Line tally for "Steel": state how many lines of the entries include it, with no other text.

EXERCISE INPUTS
+===+

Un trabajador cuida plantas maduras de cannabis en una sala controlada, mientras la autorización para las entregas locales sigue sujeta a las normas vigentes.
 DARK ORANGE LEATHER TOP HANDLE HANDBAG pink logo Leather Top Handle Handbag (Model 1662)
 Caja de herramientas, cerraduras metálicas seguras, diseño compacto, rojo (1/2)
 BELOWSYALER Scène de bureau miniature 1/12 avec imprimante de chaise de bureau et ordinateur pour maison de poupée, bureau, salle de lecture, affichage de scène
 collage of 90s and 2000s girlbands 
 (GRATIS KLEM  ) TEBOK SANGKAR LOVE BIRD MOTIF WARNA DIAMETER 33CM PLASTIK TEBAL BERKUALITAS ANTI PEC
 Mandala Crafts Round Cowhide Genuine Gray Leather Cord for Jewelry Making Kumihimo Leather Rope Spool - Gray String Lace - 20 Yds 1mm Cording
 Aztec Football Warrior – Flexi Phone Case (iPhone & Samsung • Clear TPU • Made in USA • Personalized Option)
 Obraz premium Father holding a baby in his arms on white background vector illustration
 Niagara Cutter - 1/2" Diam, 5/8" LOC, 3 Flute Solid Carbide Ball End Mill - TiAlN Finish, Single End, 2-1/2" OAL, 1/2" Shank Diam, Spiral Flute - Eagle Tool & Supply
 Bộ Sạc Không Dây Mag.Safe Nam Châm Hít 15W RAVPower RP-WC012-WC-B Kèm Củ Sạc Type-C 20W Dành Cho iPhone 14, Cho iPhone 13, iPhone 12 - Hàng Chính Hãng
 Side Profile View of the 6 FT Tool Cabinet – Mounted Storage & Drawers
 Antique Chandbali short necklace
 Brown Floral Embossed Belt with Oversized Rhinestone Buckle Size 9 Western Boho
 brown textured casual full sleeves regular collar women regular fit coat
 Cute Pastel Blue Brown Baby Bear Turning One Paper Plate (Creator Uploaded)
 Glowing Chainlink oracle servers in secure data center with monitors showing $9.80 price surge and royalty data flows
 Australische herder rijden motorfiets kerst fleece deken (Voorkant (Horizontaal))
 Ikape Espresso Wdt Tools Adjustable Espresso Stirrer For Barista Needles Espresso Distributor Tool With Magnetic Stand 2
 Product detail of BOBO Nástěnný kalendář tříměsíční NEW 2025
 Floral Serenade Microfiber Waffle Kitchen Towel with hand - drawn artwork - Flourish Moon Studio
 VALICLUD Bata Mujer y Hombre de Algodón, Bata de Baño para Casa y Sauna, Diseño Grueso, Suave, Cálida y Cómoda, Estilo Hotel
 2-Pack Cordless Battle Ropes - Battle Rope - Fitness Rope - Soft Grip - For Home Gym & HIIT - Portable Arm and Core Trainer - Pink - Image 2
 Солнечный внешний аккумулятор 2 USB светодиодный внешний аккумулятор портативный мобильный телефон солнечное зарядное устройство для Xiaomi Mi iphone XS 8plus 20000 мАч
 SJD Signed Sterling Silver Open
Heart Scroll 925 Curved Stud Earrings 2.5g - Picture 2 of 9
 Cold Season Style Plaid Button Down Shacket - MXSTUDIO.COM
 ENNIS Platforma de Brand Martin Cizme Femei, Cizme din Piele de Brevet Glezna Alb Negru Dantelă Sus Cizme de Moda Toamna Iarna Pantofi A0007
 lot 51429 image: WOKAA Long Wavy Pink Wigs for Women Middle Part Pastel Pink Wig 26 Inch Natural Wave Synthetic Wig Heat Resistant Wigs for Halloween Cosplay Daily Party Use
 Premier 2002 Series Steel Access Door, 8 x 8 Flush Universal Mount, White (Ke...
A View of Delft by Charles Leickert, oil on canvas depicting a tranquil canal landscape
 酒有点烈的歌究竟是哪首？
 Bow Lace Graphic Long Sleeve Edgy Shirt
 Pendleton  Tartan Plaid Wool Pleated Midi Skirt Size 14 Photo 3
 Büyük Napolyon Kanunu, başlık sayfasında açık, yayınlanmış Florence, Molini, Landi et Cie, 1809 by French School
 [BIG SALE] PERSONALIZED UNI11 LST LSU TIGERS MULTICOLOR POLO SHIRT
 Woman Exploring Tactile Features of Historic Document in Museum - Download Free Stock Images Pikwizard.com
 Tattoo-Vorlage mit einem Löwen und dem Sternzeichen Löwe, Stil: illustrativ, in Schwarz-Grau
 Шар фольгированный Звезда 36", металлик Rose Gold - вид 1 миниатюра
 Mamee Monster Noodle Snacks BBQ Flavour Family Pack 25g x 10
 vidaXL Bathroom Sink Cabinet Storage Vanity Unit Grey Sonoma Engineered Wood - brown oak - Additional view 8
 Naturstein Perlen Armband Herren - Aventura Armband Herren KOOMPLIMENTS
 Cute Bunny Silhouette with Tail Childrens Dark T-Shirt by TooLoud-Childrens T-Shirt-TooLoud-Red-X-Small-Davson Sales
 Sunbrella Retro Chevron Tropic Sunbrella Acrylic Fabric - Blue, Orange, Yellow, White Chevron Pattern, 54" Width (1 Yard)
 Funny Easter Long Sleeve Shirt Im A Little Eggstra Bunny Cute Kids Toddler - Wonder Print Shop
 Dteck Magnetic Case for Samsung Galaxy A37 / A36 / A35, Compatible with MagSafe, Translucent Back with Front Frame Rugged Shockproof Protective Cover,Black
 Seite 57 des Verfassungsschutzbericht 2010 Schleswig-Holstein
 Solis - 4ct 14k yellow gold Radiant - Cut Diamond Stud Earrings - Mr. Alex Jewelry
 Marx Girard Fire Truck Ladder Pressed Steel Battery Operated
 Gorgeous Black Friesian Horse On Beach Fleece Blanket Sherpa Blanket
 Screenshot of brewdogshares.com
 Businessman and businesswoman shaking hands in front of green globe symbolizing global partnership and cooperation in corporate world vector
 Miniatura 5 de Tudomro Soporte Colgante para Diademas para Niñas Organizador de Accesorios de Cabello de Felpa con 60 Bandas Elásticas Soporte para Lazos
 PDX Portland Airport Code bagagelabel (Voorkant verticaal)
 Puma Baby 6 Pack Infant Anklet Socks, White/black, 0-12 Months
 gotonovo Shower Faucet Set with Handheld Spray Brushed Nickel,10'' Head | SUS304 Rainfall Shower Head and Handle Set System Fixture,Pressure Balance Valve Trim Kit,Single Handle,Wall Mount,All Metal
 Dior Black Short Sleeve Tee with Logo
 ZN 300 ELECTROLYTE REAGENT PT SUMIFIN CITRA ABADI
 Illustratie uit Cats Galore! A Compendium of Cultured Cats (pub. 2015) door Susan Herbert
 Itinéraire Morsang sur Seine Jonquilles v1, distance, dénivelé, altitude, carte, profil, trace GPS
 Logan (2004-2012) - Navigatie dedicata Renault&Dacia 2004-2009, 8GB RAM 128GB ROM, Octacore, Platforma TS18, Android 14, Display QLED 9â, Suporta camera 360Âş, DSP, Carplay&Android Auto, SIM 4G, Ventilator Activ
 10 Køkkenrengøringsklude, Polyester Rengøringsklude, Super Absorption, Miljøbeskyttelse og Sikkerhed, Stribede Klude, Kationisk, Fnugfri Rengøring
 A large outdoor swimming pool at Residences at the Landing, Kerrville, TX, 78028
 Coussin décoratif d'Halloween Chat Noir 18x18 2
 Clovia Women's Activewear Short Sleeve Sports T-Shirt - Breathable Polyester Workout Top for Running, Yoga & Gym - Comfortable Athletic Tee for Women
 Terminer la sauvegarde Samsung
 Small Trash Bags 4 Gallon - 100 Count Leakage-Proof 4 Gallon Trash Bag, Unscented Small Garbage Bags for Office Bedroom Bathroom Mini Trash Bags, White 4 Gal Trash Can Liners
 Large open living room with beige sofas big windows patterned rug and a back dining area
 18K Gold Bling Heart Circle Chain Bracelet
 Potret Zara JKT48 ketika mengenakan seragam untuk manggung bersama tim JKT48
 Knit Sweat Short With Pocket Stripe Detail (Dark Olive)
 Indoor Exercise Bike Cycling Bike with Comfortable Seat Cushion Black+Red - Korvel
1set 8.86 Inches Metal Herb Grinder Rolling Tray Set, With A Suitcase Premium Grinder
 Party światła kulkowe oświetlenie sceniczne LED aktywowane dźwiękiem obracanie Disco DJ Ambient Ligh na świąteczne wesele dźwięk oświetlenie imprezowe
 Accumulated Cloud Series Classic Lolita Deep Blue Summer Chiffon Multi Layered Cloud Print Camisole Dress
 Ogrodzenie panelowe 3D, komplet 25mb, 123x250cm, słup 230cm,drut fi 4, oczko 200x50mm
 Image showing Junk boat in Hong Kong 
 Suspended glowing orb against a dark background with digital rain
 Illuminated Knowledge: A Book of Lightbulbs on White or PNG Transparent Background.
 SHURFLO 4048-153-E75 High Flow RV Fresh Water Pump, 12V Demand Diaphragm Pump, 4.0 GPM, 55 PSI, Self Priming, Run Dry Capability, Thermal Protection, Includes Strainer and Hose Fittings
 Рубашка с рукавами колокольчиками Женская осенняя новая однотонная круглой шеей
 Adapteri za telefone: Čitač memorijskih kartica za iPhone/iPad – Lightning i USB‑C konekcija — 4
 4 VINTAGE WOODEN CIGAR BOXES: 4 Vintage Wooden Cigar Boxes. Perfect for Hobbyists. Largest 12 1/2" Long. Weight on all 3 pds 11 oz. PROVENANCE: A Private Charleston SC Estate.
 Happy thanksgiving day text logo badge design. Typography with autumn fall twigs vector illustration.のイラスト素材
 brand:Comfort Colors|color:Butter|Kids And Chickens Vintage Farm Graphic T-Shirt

+===+

ANSWER TO THIS TASK
2